How to Manage the Feeling of Not Being Good Enough

We all have moments (and sometimes extended periods) of feeling like we’re not quite measuring up. It’s part of being human.

It’s easy to let these feelings consume you and overcoming them is often easier said than done.

When hindering thoughts start to creep in, ask yourself this: “What’s stopping me from feeling like I’m good enough?” There is no physical barrier to self-worth. It’s something that your mind creates based on past experiences, beliefs, and thoughts. The best part is you have the power to choose to change the way you think about yourself.

Here are a few things you can do to ease the sensation and begin to overcome it.

Be kind to yourself

We can be our own worst critics, and when we’re already feeling down, it’s all too easy to get caught in a loop of self-doubt and negativity. Start being kind to yourself by regularly practising self-compassion. 

Take care of yourself physically and emotionally, set realistic goals and crucially, ask for support when you need it.  Check out my blog ‘Asking For Support’ for tips on how to do just this here.

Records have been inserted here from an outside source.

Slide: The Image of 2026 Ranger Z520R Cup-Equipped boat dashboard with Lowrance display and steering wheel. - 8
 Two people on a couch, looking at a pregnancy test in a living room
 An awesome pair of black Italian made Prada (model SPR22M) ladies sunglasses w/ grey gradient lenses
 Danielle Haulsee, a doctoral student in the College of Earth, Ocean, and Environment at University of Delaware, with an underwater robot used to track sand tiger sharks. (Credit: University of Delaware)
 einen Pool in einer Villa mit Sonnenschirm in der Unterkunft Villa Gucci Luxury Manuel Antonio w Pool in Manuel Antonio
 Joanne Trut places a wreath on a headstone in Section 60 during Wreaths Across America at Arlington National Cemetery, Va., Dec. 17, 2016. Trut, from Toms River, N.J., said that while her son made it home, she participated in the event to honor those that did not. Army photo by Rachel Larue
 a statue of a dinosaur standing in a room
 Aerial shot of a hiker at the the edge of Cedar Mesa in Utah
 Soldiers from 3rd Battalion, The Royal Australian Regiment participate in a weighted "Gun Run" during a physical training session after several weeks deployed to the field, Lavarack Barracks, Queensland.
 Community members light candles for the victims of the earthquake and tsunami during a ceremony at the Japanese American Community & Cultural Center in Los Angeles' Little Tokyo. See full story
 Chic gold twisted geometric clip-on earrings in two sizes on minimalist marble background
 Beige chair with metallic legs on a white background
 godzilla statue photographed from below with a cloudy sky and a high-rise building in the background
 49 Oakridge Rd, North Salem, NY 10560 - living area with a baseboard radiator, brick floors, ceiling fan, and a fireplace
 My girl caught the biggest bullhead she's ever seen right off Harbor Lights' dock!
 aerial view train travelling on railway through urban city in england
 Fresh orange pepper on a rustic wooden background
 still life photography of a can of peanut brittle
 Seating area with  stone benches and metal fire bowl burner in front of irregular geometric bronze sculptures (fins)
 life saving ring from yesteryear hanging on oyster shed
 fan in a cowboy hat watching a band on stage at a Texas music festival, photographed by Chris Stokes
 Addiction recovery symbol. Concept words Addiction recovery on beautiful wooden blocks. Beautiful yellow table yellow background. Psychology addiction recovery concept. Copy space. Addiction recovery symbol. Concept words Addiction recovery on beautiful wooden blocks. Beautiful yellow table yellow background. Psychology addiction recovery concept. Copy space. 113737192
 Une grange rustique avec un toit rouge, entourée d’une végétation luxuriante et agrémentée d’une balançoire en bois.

It takes time, and plenty of practice to learn how to truly support yourself, but it’s worth it. When you’re able to do that, you’ll be better able to let go of hindering thoughts.

Practice self-awareness

Try to take note of the triggers that set off negative self-talk and recognise the thoughts and beliefs that fuel it. This will help you to become aware of your mindset and the way you talk to yourself. When you notice you’re putting yourself down or judging yourself harshly, instead of giving in to those negative thoughts, challenge them by looking for evidence to the contrary.

For example, if you think, “I’m not good enough,” ask yourself, “Compared to whom?” or, “In what ways am I not good enough?” When you challenge negative thoughts and beliefs you begin to realize that they may not be true at all. Chances are, you’ll find they are based on irrational beliefs, faulty assumptions or distorted perceptions.

Choose the people you spend time with… carefully

Spend time with people who do things that make you happy, praise you for your accomplishments and who make you feel good about yourself. Limit time with those who don’t. No matter their relation, you don’t owe anyone your time if it comprises your mental happiness. 

Remember – you are worthy and deserving of love and respect regardless of what anyone else says or thinks. As you focus on positive self-affirmation, the sensation of not feeling worthy enough will begin to dissipate.

If you want further support around your happiness and well-being, you can find tips in my book Ten Times Happier here.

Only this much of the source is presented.